## ASSIGNED TASK
Only the lines of the data below from the one with "女扮男装:万人迷她太想进步了" through the one with "gym master（ジムマスター） かえる がま口 ポーチ カエル 小物入れ" are wanted. Repeat them exactly.

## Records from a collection
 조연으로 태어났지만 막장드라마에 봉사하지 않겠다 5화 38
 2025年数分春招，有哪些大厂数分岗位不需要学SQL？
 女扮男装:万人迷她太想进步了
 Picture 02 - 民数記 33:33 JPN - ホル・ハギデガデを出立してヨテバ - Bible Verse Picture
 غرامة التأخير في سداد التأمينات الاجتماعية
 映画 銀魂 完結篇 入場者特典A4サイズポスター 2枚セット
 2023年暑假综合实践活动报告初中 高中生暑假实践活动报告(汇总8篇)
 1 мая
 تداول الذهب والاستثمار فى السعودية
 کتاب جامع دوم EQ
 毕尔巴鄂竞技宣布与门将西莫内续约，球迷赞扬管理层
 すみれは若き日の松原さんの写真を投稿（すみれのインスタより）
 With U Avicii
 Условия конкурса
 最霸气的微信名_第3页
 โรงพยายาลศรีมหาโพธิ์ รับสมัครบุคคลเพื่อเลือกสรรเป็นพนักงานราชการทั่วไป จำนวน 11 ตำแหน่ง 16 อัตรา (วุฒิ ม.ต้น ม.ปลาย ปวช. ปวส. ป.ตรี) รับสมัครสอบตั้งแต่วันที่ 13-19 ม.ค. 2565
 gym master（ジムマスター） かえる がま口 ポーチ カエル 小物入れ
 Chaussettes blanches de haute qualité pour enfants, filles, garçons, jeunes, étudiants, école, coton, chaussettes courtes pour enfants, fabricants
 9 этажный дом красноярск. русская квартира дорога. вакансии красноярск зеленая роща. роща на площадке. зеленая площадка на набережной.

## RESPONSE TO THE TASK
 女扮男装:万人迷她太想进步了
 Picture 02 - 民数記 33:33 JPN - ホル・ハギデガデを出立してヨテバ - Bible Verse Picture
 غرامة التأخير في سداد التأمينات الاجتماعية
 映画 銀魂 完結篇 入場者特典A4サイズポスター 2枚セット
 2023年暑假综合实践活动报告初中 高中生暑假实践活动报告(汇总8篇)
 1 мая
 تداول الذهب والاستثمار فى السعودية
 کتاب جامع دوم EQ
 毕尔巴鄂竞技宣布与门将西莫内续约，球迷赞扬管理层
 すみれは若き日の松原さんの写真を投稿（すみれのインスタより）
 With U Avicii
 Условия конкурса
 最霸气的微信名_第3页
 โรงพยายาลศรีมหาโพธิ์ รับสมัครบุคคลเพื่อเลือกสรรเป็นพนักงานราชการทั่วไป จำนวน 11 ตำแหน่ง 16 อัตรา (วุฒิ ม.ต้น ม.ปลาย ปวช. ปวส. ป.ตรี) รับสมัครสอบตั้งแต่วันที่ 13-19 ม.ค. 2565
 gym master（ジムマスター） かえる がま口 ポーチ カエル 小物入れ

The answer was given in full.